I suppose it's just a matter of consistency. You'll get there... eventually.


----------



## Bock (Jun 23, 2008)

I have found that sticking your knee out is quite successful. The trick is to stick it out as they jump so it becomes more of a barrier, and not used in a striking motion to inflict pain. Using it in this barrier mode, most dogs will stop because it's no fun for their chest to hit your leg. Again, this is NOT meant to suggest you knee them in their chest while they are on you.


----------



## Daisy and Rita (Aug 31, 2009)

Hi, my pup is now 4months old, and I'm sure we have all found that they are magnets to young children in particular.

I was really worried that one day she may jump up a child and knock him/her over. Of course we don't see it as a problem when they are tiny, but at the back of your head you know that little fluff ball is going to be a big dog in no time.

What I did, and am still doing, is as Bock mentioned above, as soon as you see the pup about to jump, either hold up your knee to block her (not wind her or hurt her), and I can also move quicker than her so I also move to the side as I see her about to jump so she misses me entirely and just lands her paws back on the floor, and each time saying "Down!" very strenly.
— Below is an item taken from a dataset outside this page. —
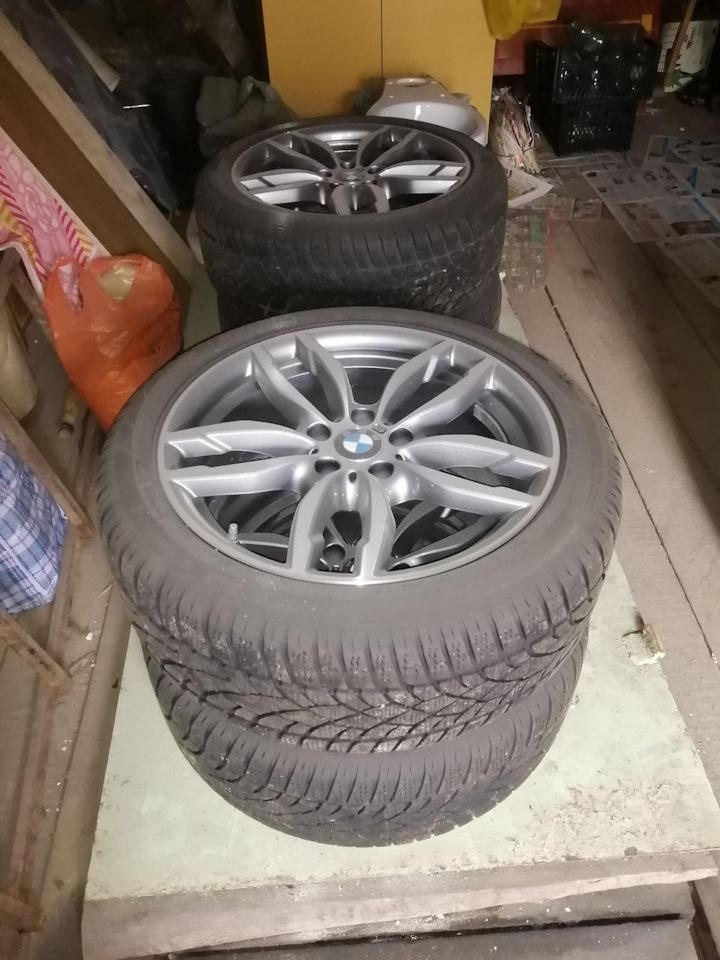 Шины зимние нешипованные Dunlop 245/45 R19, литые диски BMW 19 5x120 на ...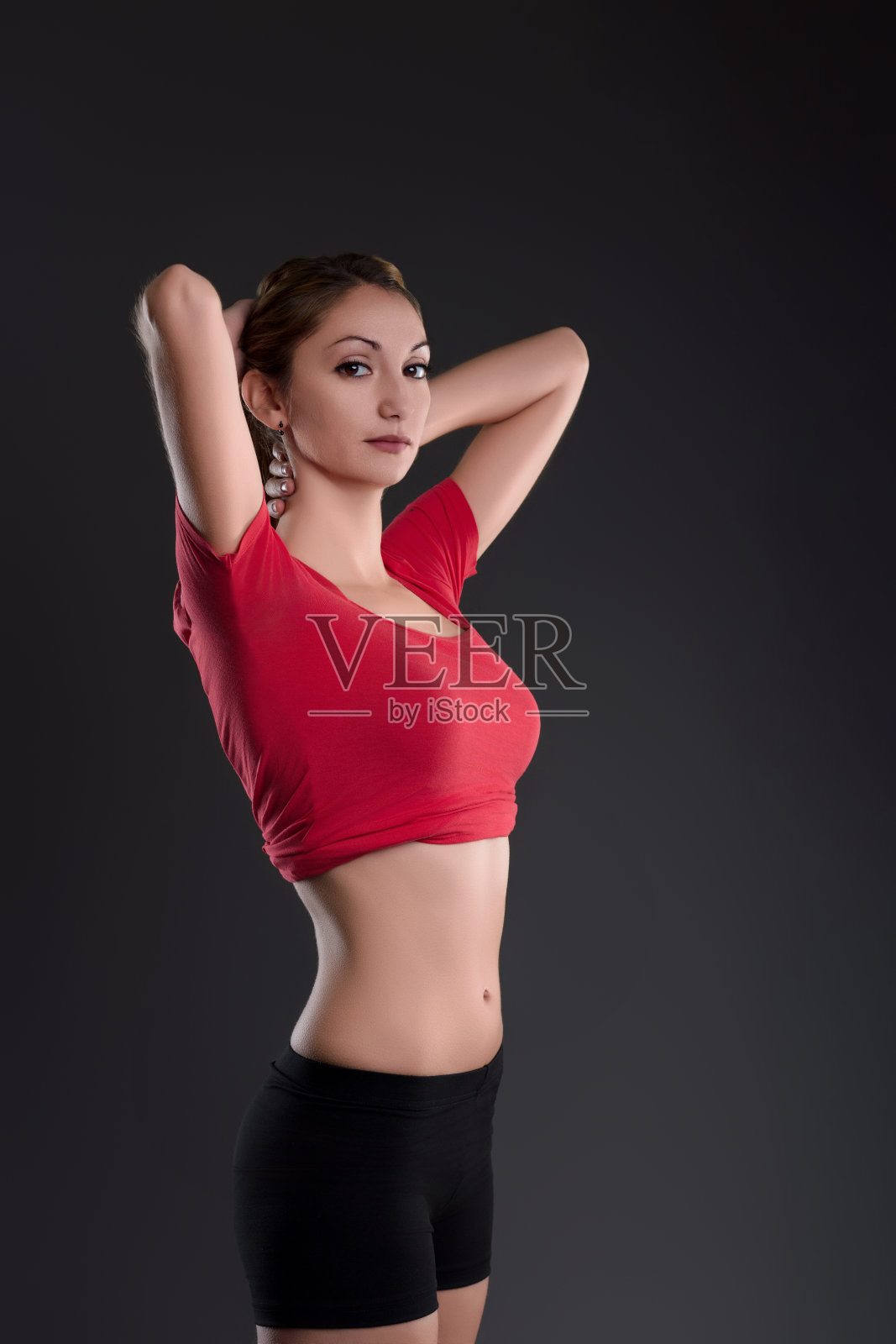 年轻女子摆姿势，展示她节食后的健美身材照片摄影图片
We also always greet her/play etc down on the floor at her level, never hold toys high up so she never jumps up at them etc, and it seems to be working. The other day several people were stroking her, and she adores people, and still gets excited, but I was saying Down, Down, as soon as she being patted, and she was wonderful, never jumped up once. Still a long way to go, but it looks like we're on the right road  

p.s your commands of Down, Stay, then letting her out once she has calmed down appear to be working for you - Great!


----------



## mdoats (Jun 7, 2007)

With Rookie, I just turned my body every time he jumped on me so that his paws fell off. Also, if you use the command "down" to mean "lay down," you may want to use the command "off" for something like this so that he doesn't get confused between "get off of me" and "lay down."


----------



## Willow52 (Aug 14, 2009)

What makes me nuts are the people that come to visit and encourage jumping . I'm trying so hard to stop that behavior, then they come in patting their thigh talking in a sing-songy voice :doh: and Hank, being the 4 month old people lover he is can't help but forget the rules.


----------



## Karen2 (Jan 5, 2009)

We have been having really good luck with a down stay.
We had one setback yesterday, but it's getting so much better.
I think the *cuteness factor* of Goldens, blinded me to some of these issues...
first a paw on the arm, 
then two paws, 
then paws on my lap, 
then paws on my shoulders,
then wait a minute, you shouldn't be jump me at all!:doh:
Can't help it, she's got me wrapped around her paw...:bowl: I love her so much.
She's way more spoiled than I ever thought.
Karen


----------



## zoeygoldengirl (Jul 16, 2009)

*RE: Idea for Karen*

Karen_, 
Have you thought of maybe getting those bells they have for doorknobs to teach your golden how to alert you to her having to go out for potty break? I don't know their exact name, but it is a ribbon with three bells and you attach it to the doorknob....everytime I took her out to relieve herself, I tapped the bells and said "ring bell to go potty" - after 2 weeks, she did it by herself- it is great! 

That way maybe you could just ignore the jumping or not reward it by taking her out (I know my 10 month golden loves going out because the neighbors cat is always hanging in the yard and she loves running around after her)-- My golden has an issue with jumping and I have had good success with turning my back (or getting off the couch and quickly walk away if she jumps up on it to get to me) and refusing to make eye contact with her - after a few days of consistency she sits pretty quickly when all attention is abruptly withdrawn (though tough not to laugh at her when she grabs a toy, makes her full body wag and lean on you like velcro-dog move and high pitched whinning because it is so adorable! haha)


Hope it helps  
_


----------